##### Input data

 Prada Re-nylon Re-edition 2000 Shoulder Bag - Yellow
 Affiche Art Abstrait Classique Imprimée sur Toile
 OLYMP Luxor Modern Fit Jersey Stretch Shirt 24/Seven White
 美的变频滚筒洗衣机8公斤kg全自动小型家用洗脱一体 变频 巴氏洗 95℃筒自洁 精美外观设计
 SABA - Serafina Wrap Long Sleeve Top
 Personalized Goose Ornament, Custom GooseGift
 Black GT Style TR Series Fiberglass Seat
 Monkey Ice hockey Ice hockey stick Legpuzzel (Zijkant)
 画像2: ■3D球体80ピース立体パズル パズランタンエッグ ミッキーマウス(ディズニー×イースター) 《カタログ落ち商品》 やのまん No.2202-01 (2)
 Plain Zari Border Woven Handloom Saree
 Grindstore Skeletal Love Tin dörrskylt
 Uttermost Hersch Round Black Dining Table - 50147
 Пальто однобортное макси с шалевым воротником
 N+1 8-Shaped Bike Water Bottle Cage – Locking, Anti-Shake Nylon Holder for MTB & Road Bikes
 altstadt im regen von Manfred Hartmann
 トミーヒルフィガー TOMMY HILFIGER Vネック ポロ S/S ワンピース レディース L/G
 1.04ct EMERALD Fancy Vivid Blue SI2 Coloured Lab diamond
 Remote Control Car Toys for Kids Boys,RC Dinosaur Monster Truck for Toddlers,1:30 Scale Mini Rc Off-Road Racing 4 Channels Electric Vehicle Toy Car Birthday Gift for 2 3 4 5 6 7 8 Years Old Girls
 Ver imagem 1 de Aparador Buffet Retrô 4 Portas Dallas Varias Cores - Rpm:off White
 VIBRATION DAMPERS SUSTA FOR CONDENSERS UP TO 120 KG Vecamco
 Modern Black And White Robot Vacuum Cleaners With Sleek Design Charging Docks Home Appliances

##########

Required action = Locate "Remote Control Car" in the material, then quote the line that contains it and all lines after it through the final one.

Solution for this task =
 Remote Control Car Toys for Kids Boys,RC Dinosaur Monster Truck for Toddlers,1:30 Scale Mini Rc Off-Road Racing 4 Channels Electric Vehicle Toy Car Birthday Gift for 2 3 4 5 6 7 8 Years Old Girls
 Ver imagem 1 de Aparador Buffet Retrô 4 Portas Dallas Varias Cores - Rpm:off White
 VIBRATION DAMPERS SUSTA FOR CONDENSERS UP TO 120 KG Vecamco
 Modern Black And White Robot Vacuum Cleaners With Sleek Design Charging Docks Home Appliances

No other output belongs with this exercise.